Concubine by Oki




I quickly learned this is the place where they taught you how to act the way they want you to in their new society.

It feels like more of a detention center, rather than an institution for learning. They forcibly brainwash each one of us day after day and punish anyone who can't keep up with the material to their liking.

After the first night, we were all forced to file through to a poorly lit corridor where we were processed with a new label; a series of identifying numbers, then put in a room.

The purpose of this center is to slowly break the spirit and boil down any thoughts of rebellion or reform in our minds. The demons holding us happily lap away the juices of what is left of our empty shells.

I have to get out.

They assigned me a roommate, however, we're prohibited to speak to one another. If caught, we will be punished.

I have no problem with not socializing, my roommate is an aloof woman who seems about the same age as me. She scowls at me most of the time and turns her back on me at night. I wasn't the most eager for companionship but I do feel more like an enemy to her than an ally. A part of me wants to reiterate to her that I'm suffering in this system too, but I stay quiet instead and accept her cold shoulder.
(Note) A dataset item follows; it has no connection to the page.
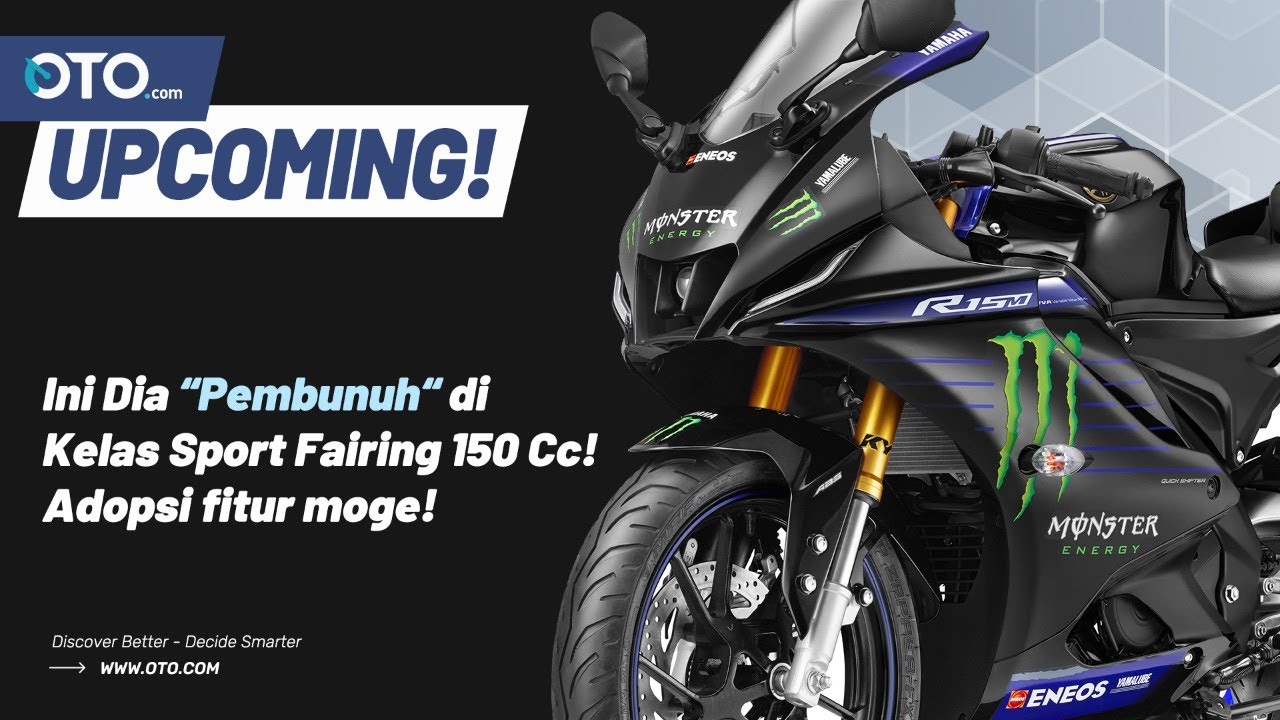 Yamaha R15 V4 & R15M Meluncur di Indonesia Tahun ini? | OTO Upcoming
During the day we go through lessons, emphasizing how to treat our superior species by one of our own superiors- Hanyous Teachers.
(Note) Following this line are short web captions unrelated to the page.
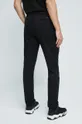 Spodnie męskie w fasonie chinos czarne 98 % Bawełna, 2 % Elastan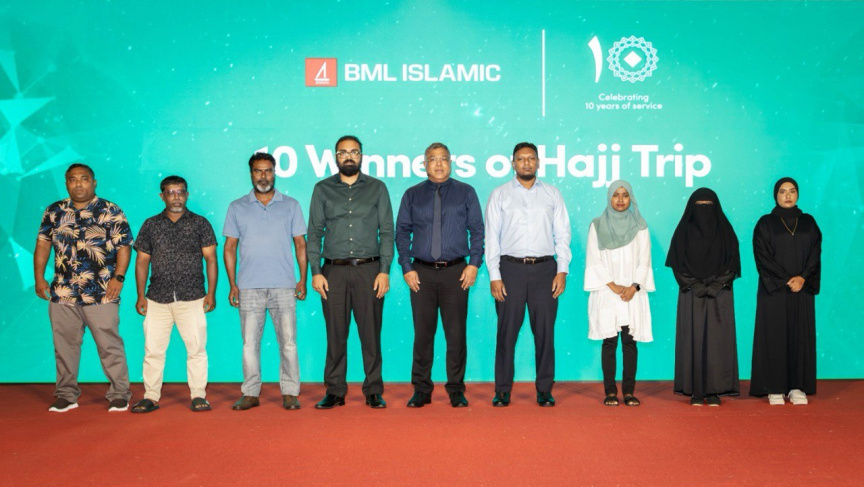 BML Islamic picks 10 winners for Hajj promotion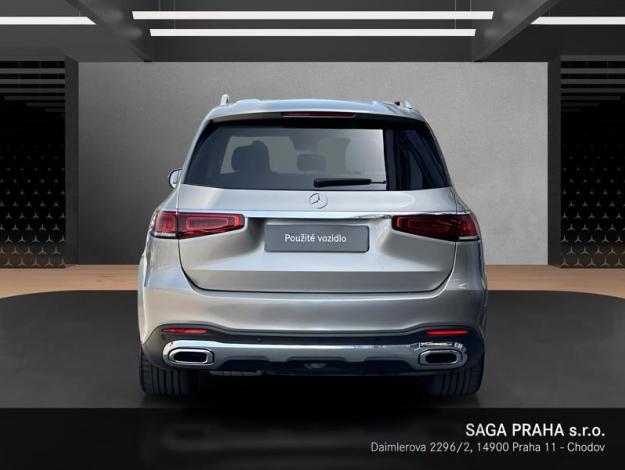 MERCEDES-BENZ GLS-Trída GLS 350 d 4MATIC AMG Line Panorama (4/19)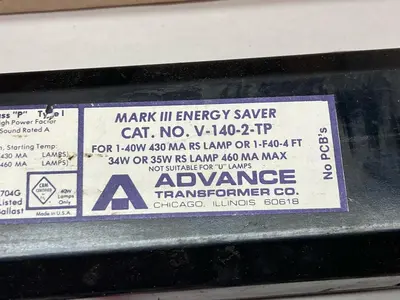 USED ADVANCE R-140-TP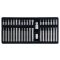 YATO Torx und Inbusschlüssel Bit Set 40-teilig (1/2"-3/8" H4-H12, M5-M12, T20-T55)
Punishments for not breaking "old habits" are never shown, but always implied. Those matters are better quietly dealt with. In the beginning, outbursts were common as many women fought against the Hanyous who govern us, but just as quickly as these moments of liberation would begin, they were shut down when those women never returned to class for lessons.

I know they killed those outliers, it doesn't take much of the Hanyous plucking them out like weeds from a garden for the remainder of us to take the hint of our impending mortality if we follow in their steps.
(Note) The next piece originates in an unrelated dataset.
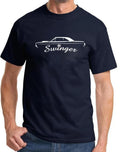 1969-71 Dart Swinger Classic Outline Design Tshirt NEW COLORS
We're seldom allowed out of the Center (which most of the women secretly began to call Daycare) except for our midday walks in an attempt to keep us from getting too out of shape and undesirable before we're delivered to our superiors.

We are to walk in twos with our roommate around the building. Daycare is encased around a wired fence lined with curly barbed wire with a booth perched at the top of each corner like a prison. Bird and celestial demons are the watchmen for any runners.

Even within this physical prison, the last thing you want to do is daydream, lest the watchers deem you too suspicious from looking around your cage.

A month into Daycare, a woman was shot dead with a lightning bolt in my roommate's line for looking around and staring at one of the booths for too long. The guards get nervous too, apparently.

Hanyou Teachers are positioned at both ends of the lines. They are to "guide us", but it's moreso to keep us in check, lest we also want to be shot down for straying out of line.

I took the time to look for Kikyou during our walks. Despite all the heads in front of me, I look for her specific hair, skin, ears, nose, lips, and eyes. Any features that belong to her. I fear she may not have been captured. The idea makes me happy and disappointed at the same time.

I don't exactly even know how much time has passed since I've been here. We aren't allowed to watch the news, read, or even so much as breathe anything about the world and the war raging outside our borders.

I have no clue what's happening right now in the streets of Japan or the condition of my home since I've been forced to abandon it. I don't know where my phone is anymore, or my purse, or my clothes. It's all gone.

Our line turns a corner and we try to ignore the sounds of voices in the distance. More and more, new additions are brought here by the busloads every day since I've arrived. We hear them, their cries, their pleas. We hear their hearts break all the way from the back of the center.

At mealtime I find myself looking for Kikyou there too. I shift my eyes from time to time, scanning the worn-out faces of each woman at my table. They look tired, depressed, angry, and withdrawn. Some have even succumbed to accepting their new life and have a happier disposition than those who can not catch on to this new lifestyle.

A guard is usually stationed at each table and at the doors in case we have a runner. As mentioned. we had quite a few in the beginning and they were dealt with as promised.

I overhear a woman muttering to another lady at our table one morning about the climate that Daycare has forced the women into spying on one another. She recalls listening to one woman before bedtime, telling the Teachers everything her roommate said bad about the new world, and before she knew it, in the morning, her roommate had disappeared and been replaced with a new one. The tale brought shivers down all who overheard's spines.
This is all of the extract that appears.